The CCP might be able to cajole Singapore to tighten up on high end migration since the wealthy Chinese are a disruptive force to the economy and potentially to the politics and culture of this city-state island nation as well. AJZ further notes “Chinese nationals that do not qualify to buy real estate under Singaporean law have opted to rent instead, contributing to more than a tripling of the yearly rental costs of some high-end properties. Across the city-state, rental prices increased by 33.2 percent from January 2022 to January 2023, according to the Straits Times newspaper. A lawyer in Singapore’s wealth management sector last month estimated that the number of wealth management offices more than doubled in 2022 from 700 offices to 1500, with about half of them originating from China...Singapore imports more than 90 percent of its food, leaving the country vulnerable to external headwinds. Food inflation exceeded 8 percent in January and February, significantly higher than the overall inflation rate, according to Singapore’s Department of Statistics.”

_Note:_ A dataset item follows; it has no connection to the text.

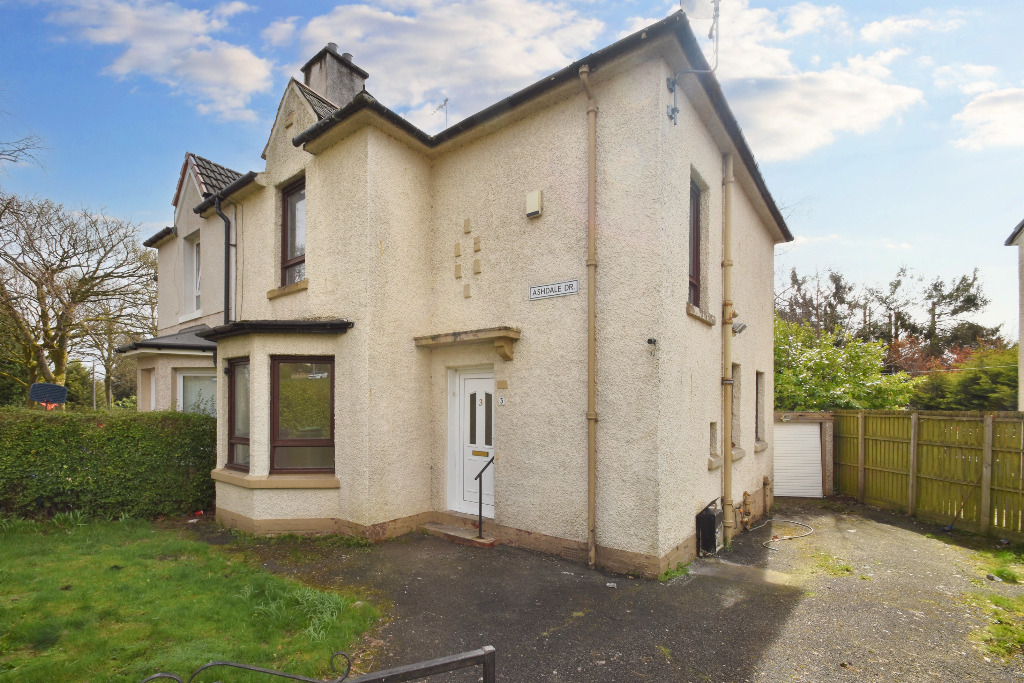3 bed semi-detached house for sale in Ashdale Drive, Glasgow  - Property Image 20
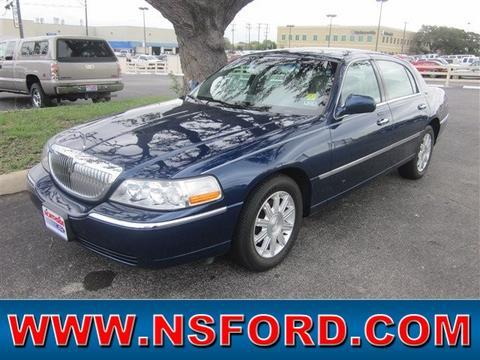 Lincoln Town Car DOWN 4.9 WAC Other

If high-end migration continues then confidence in the CCP will decline and that could result in unpredictable policy shifts, further exacerbating the global economic outlook. The risks are so profound that the wall of worry the bulls feel confident in scaling is likely to be too slippery, and the S&P breaks as earnings season begins in a few weeks.

Yesterday I added to my modest position in the inverse levered ETF SPXU. Consequently my current positions include a smaller but still large cash position, 3M (MMM), Pfizer (PFE), and the levered ETF UPRO and inverse levered ETF SPXU.